Notre groupe tient à ce que soit ajoutée à ce rapport une contribution présentant son point de vue particulier, mais je n'en félicite pas moins les rapporteurs pour la qualité de leur travail. Nous regrettons toutefois que ce travail d'évaluation de l'exécution de la LPM de 2013 se soit limité à une approche comptable. Or les moyens servent une fin ; ainsi, pour évaluer cette LPM, il aurait fallu examiner aussi la pertinence des choix stratégiques qui la sous-tendent.
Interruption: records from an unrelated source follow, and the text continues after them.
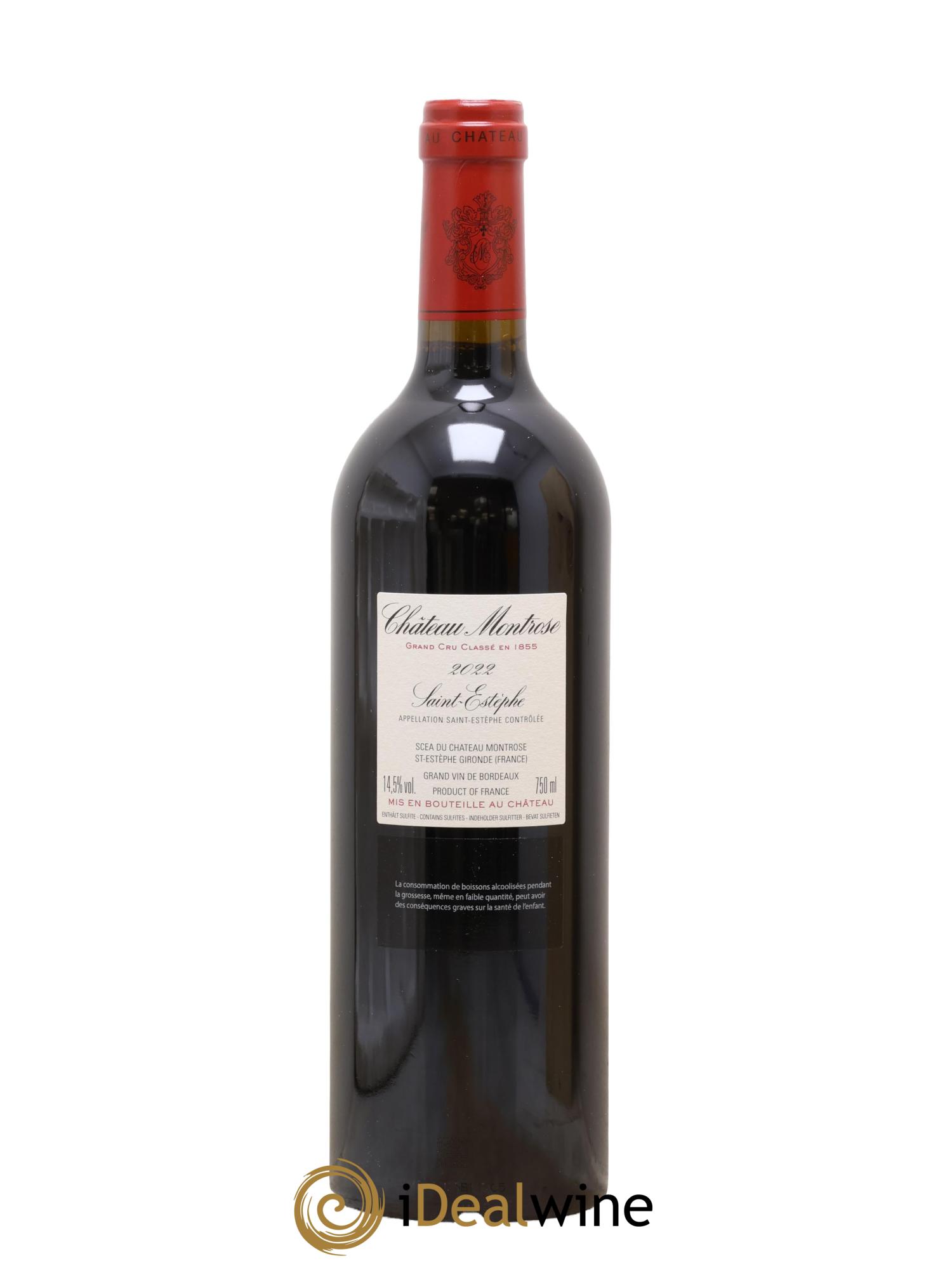 Château Montrose 2ème Grand Cru Classé 2022 - Lot de 1 bouteille - 1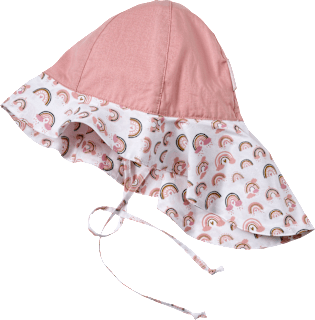 Schirmmütze mit Nackenschutz, rosa, Gr. 46/47, 1 St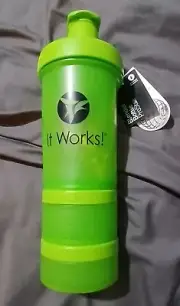 IT WORKS! Shaker Blender Bottle ProStak Pro System 16 oz + Pill Tray + 100cc Jar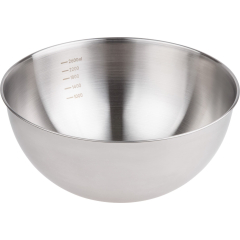 Миска из нержавеющей стали PERFECTO LINEA Chef с мерной шкалой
Votre rapport fait une analyse précise des conséquences de l'austérité appliquée aux armées : déflations inconsidérées d'effectifs et hypothèses budgétaires fallacieuses sur lesquelles il a bien fallu revenir, affaiblissement des fonctions de soutien, dégradation de la condition sociale des militaires et de leurs familles, etc. En somme, la LPM 2014‒2019 n'aura pas facilité l'accomplissement par l'armée de ses missions, et le rapport s'en fait l'honnête écho. Cependant, ce rapport prend un peu facilement acte de la crise financière, devenue crise budgétaire, et des contraintes dirimantes qu'elle aurait fait peser sur les finances publiques. Nous considérons au contraire que s'agissant de l'un de ses domaines d'action prioritaires, l'exécutif aurait pu décider de dégager des marges de manoeuvre budgétaires.
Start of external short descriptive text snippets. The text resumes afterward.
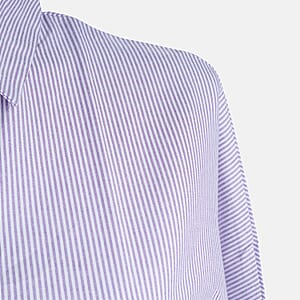 TAMSY Purple Stripe Button up Oversized Maxi Shirt Dress - One Size Fits Most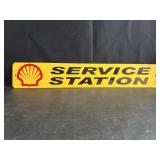 24x4" Metal Shell Service Station Sign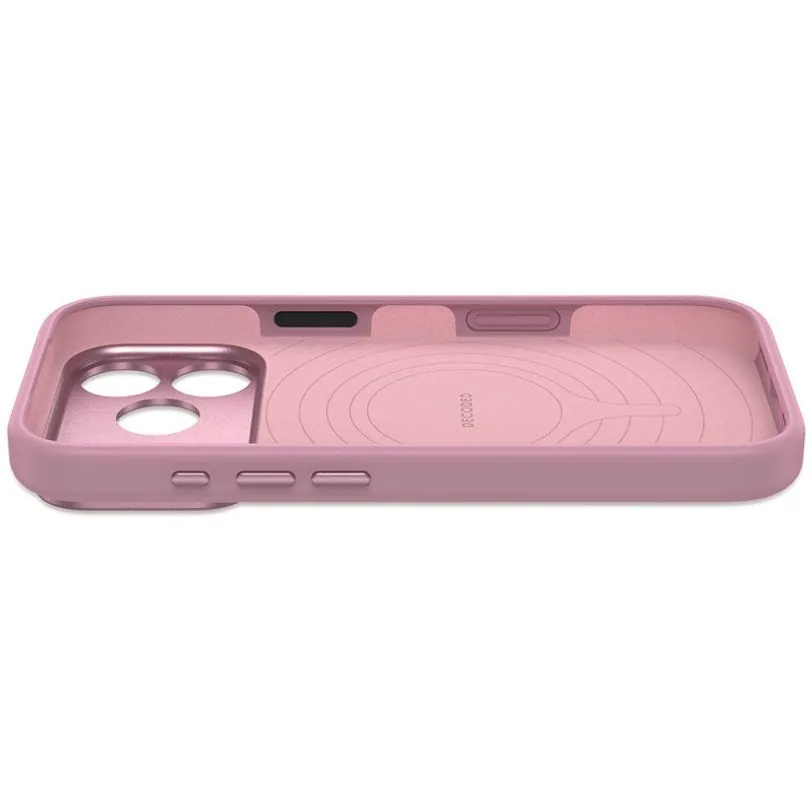 Coque Decoded silicone antimicrobienne MagSafe pour iPhone 18 Pro Max / 17 Pro Max — Quartz rose — vue 4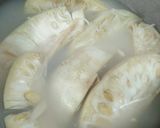 Hình bước làm 2 của món Nộm mít non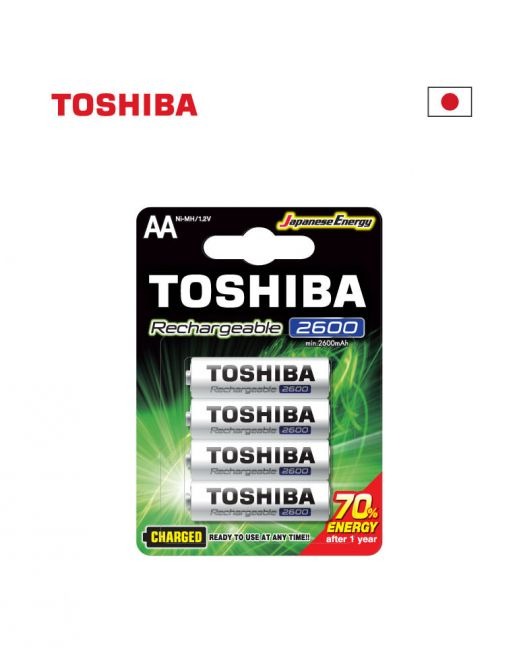 סוללות נטענות TOSHIBA AA*4 2600mhA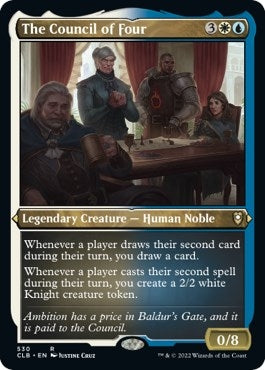 Image for The Council of Four (Foil Etched) (Commander Legends: Battle for Baldur's Gate) (530) - Magic: The Gathering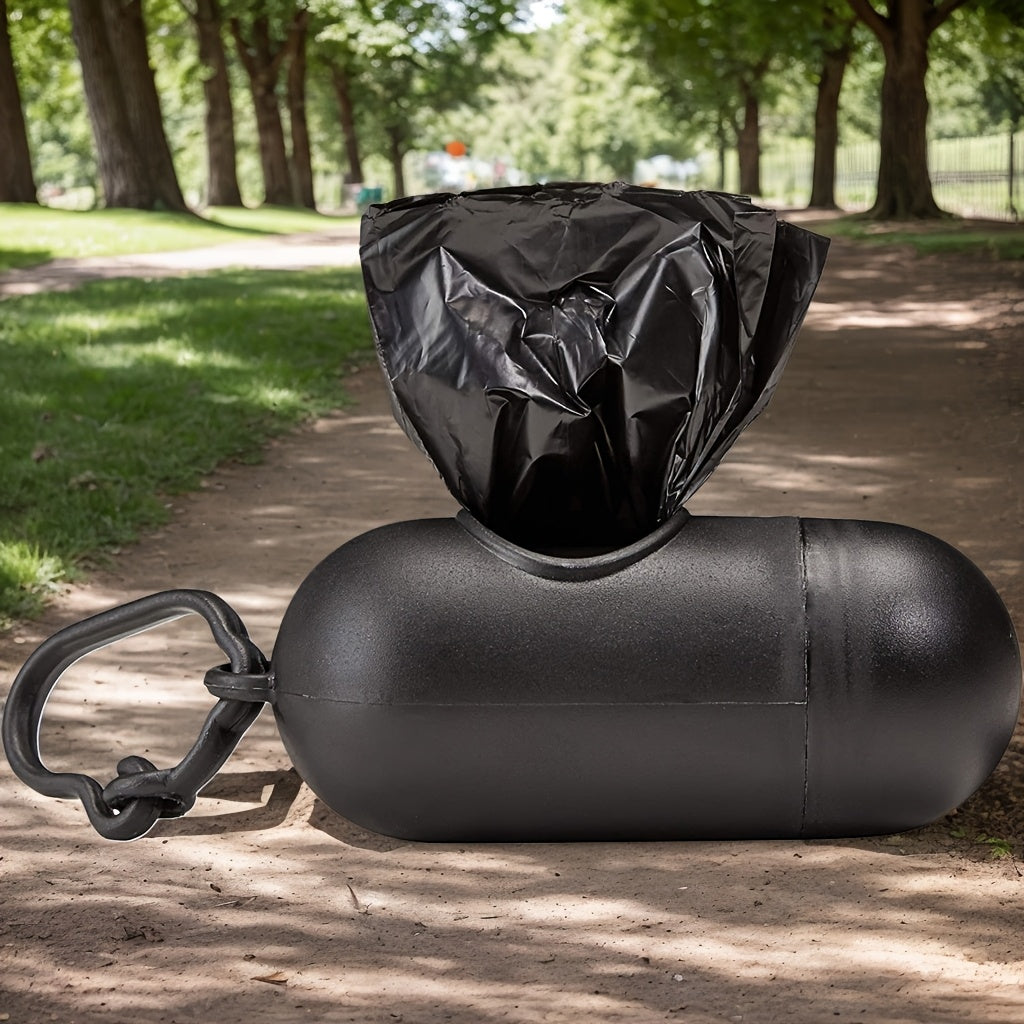 Dog Poop Bag Dispenser with D-Ring and 900 Waste Bags, 60 Refill Rolls for Everyday Dog Walks, Park Visits and Outdoor Pet Cleanup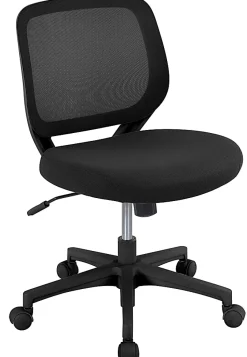 Realspace® Adley Mesh/Fabric Low-Back Task Office Chair, Black, BIFMA Compliant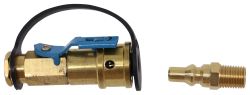 Camco Quick-Connect Kit for Low Pressure Propane Systems - Valve and Full Flow Plug - CAM59853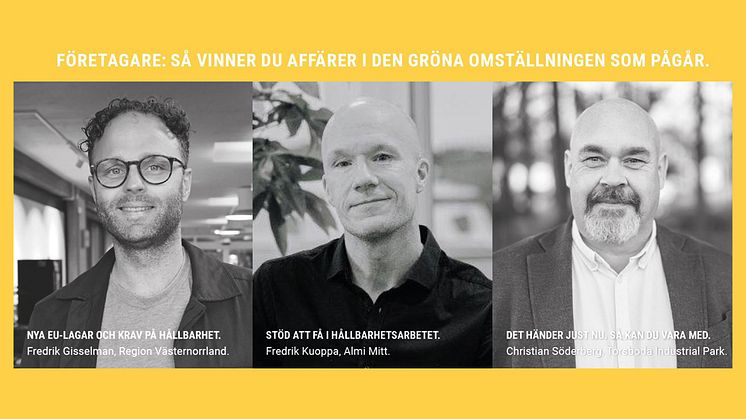 Välkommen på seminarium: GREEN DEAL, AFFÄRSMÖJLIGHETER ELLER HOT MOT DIN VERKSAMHET?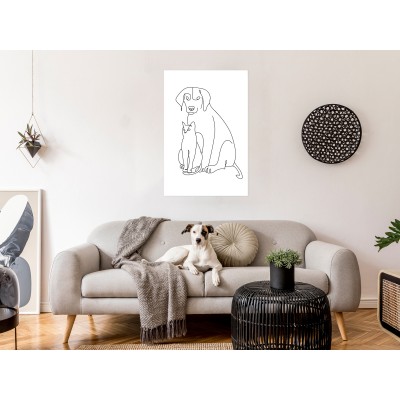 Πίνακας ζε καμβά - Best Friends (1 Part) Vertical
Plusieurs de ses préconisations appellent des remarques de notre groupe.
S'agissant de ce que vous appelez la « sincérisation » du financement des OPEX, votre proposition nous semble être une fausse bonne idée, pour deux raisons. D'une part, elle contredit le principe suivant lequel l'engagement des forces armées, décidé par le président de la République au nom de la Nation entière, doit être financé par la Nation entière, donc de façon interministérielle. D'autre part, votre raisonnement repose sur le postulat que le niveau de dépenses relatives aux OPEX se maintiendra peu ou prou au même montant. Or en l'absence de bilan stratégique des OPEX de ces dernières années, ce postulat est fragile et potentiellement dangereux, voire coupable s'agissant de questions de guerre ou de paix
Par ailleurs, s'agissant des échéances à venir dans la modernisation des deux composantes de la dissuasion nucléaire, le rapport ne donne que des indications succinctes, car on manque ‒ comme souvent en ce domaine ‒ d'une information claire et objective sur le calendrier et les coûts respectifs de chaque étape de la maintenance et de la modernisation de chacune des deux composantes. Sans informations précises sur ce point, il ne sera pas possible de voter de façon tout à fait éclairée une nouvelle LPM.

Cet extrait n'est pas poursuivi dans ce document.